When I picked up THE MADONNAS OF LENINGRAD last week, I wasn’t expecting to read a novel about mental illness. I was expecting to read about life in Russia during WWII. I got both.
Gorgeously written, the novel shifts back and forth between the present day in America and wartime in Leningrad. But these shifts aren’t merely the author’s way of telling the story; they mirror how life is experienced by Marina Buriakov, the elderly protagonist whose Alzheimer’s disease relentlessly pulls her from the present into the past.
It seems odd to me, but I rarely hear Alzheimer’s discussed as a mental illness. Because it’s a disease that tends to strike people as they get older, there seems to be less stigma surrounding Alzheimer’s, more acceptance of it as a neurological disease than conditions like schizophrenia or bipolar disorder. (Or maybe it’s just that, in our culture, we expect older people to break down, and we don’t pay that much attention.)

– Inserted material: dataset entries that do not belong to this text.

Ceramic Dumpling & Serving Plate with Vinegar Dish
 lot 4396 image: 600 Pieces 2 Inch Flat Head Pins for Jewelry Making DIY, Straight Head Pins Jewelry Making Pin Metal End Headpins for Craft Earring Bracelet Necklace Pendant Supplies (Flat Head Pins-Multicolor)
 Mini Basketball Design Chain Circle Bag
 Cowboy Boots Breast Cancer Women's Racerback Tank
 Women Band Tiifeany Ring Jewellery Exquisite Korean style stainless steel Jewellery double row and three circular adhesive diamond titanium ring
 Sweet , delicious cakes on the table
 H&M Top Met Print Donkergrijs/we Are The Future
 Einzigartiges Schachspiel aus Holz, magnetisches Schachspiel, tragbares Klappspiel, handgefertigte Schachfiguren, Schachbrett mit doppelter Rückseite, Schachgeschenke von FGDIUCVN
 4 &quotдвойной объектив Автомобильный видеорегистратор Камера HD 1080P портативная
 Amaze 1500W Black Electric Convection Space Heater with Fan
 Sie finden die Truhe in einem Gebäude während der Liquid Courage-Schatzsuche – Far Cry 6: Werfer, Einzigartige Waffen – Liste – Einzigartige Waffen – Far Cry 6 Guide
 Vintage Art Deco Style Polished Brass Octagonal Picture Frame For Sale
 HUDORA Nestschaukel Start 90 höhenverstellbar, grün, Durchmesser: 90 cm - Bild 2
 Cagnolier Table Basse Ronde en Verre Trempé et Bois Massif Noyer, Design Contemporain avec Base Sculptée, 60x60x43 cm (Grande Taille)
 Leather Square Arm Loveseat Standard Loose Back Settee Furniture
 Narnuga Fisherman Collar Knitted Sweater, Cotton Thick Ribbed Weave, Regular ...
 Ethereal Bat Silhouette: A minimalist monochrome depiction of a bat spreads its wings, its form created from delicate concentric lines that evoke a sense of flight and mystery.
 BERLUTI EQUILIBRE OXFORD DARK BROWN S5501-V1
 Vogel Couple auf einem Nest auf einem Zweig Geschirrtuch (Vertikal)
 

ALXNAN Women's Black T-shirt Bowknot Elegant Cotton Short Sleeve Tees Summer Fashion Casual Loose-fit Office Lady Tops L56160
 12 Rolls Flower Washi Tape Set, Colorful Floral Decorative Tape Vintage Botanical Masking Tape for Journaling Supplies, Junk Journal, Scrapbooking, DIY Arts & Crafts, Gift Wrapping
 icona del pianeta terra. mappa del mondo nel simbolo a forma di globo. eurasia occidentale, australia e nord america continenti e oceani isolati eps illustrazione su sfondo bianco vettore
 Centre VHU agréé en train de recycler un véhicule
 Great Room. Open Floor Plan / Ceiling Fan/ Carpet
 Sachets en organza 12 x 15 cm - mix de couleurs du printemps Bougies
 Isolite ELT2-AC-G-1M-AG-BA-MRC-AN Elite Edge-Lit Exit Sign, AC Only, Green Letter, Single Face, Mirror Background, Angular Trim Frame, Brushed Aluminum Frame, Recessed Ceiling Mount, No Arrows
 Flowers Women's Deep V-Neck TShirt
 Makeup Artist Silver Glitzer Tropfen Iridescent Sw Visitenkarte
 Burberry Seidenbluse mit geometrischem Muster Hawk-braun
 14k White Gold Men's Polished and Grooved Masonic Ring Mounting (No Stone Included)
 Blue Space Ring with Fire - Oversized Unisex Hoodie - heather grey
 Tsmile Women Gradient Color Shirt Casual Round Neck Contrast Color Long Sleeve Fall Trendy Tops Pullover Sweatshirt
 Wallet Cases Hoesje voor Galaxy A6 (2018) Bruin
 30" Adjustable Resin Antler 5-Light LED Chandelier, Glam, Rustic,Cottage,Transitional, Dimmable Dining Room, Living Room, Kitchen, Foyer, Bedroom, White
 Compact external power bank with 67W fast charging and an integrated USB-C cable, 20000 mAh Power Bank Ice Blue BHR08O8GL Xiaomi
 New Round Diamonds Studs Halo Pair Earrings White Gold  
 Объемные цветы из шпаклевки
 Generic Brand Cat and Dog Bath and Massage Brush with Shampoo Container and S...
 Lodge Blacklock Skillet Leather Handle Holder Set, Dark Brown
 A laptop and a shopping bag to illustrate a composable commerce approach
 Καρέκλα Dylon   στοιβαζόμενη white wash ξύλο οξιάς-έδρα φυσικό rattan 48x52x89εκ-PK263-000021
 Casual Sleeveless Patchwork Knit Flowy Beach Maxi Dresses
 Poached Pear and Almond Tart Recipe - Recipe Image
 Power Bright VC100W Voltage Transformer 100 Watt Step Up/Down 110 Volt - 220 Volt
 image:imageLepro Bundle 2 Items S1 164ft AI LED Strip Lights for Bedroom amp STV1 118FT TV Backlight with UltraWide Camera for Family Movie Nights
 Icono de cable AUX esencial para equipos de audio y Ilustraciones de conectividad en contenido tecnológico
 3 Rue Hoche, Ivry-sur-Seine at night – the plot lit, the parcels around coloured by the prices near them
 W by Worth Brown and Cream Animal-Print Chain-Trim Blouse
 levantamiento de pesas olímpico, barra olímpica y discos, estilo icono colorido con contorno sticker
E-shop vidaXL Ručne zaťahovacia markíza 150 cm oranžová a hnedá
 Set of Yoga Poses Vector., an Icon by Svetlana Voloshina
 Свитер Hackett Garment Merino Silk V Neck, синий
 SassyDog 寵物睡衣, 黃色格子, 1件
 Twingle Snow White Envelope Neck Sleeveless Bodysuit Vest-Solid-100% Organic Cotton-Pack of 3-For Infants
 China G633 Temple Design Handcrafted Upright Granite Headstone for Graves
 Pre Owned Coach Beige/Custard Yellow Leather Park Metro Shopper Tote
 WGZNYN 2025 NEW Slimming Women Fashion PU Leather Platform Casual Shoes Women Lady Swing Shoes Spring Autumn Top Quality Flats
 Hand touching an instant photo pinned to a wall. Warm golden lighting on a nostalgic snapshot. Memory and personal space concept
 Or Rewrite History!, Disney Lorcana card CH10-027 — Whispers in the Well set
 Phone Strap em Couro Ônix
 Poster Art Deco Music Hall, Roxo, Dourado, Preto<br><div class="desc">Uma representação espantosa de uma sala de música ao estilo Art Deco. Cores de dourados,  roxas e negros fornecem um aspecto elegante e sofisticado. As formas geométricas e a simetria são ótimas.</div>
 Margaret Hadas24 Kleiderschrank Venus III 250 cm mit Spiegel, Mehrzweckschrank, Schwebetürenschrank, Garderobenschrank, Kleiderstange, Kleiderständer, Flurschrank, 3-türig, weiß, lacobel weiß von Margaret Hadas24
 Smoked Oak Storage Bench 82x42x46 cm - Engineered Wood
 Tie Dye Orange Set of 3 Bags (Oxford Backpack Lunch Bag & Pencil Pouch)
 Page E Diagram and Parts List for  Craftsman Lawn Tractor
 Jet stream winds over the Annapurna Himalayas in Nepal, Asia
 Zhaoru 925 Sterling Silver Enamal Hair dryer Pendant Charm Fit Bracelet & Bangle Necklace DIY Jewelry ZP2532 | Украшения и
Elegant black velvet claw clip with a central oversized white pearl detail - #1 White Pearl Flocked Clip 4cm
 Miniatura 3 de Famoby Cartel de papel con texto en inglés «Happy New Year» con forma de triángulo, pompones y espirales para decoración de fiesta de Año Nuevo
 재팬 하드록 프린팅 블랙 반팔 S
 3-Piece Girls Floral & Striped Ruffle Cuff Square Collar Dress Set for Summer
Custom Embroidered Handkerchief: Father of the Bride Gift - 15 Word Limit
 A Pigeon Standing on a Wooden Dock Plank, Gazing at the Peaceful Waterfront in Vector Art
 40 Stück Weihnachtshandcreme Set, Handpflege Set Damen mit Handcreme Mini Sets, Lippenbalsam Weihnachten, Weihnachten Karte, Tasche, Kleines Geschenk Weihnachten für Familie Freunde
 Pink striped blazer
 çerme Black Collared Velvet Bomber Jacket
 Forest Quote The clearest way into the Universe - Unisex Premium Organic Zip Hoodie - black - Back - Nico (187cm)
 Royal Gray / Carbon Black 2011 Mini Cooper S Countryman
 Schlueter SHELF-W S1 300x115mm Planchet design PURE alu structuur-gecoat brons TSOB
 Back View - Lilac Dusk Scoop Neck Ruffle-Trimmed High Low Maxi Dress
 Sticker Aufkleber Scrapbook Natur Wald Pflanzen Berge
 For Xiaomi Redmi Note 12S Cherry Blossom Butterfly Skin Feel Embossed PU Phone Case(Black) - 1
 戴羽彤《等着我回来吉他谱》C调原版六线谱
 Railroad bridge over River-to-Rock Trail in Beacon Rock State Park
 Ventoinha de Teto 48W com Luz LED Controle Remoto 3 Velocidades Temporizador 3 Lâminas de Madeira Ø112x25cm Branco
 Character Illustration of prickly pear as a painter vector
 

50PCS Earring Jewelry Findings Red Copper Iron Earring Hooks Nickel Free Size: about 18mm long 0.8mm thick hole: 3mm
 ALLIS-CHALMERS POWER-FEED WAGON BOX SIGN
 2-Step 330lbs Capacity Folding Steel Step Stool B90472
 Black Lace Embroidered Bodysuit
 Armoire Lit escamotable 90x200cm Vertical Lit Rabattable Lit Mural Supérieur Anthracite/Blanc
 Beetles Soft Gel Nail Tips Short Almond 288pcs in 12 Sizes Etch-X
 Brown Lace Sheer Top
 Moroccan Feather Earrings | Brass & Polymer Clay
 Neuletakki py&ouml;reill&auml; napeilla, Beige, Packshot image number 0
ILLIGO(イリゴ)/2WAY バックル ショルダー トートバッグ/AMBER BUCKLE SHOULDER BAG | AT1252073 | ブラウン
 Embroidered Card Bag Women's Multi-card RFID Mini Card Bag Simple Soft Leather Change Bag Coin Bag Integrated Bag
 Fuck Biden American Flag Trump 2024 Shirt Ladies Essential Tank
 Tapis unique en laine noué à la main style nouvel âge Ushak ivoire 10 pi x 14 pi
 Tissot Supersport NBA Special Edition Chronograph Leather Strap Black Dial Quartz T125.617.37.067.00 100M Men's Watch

But take a look at the Alzheimer’s Association’s description of the symptoms of the disease and you’ll see how closely it parallels the symptoms of psychosis:
The most common early symptom of Alzheimer’s is difficulty remembering newly learned information because Alzheimer changes typically begin in the part of the brain that affects learning. As Alzheimer’s advances through the brain it leads to increasingly severe symptoms, including disorientation, mood and behavior changes; deepening confusion about events, time and place; unfounded suspicions about family, friends and professional caregivers; more serious memory loss and behavior changes; and difficulty speaking, swallowing and walking.
Living in the past means living in another reality. That alternate reality might not be as shocking to others as an invented reality based on hallucinations and delusions—there is, after all, some basis in fact for Alzheimer’s-induced visions—but it separates people from their loved ones nonetheless.
For the spouse of someone suffering from Alzheimer’s, life becomes a lonely road.
There are many heartbreaking moments in THE MADONNAS OF LENINGRAD. Wartime deaths, separations, and starvation juxtaposed with incredible moments of loving self-sacrifice. In the present, a mother who doesn’t recognize her child, an elderly woman who wanders away into the night.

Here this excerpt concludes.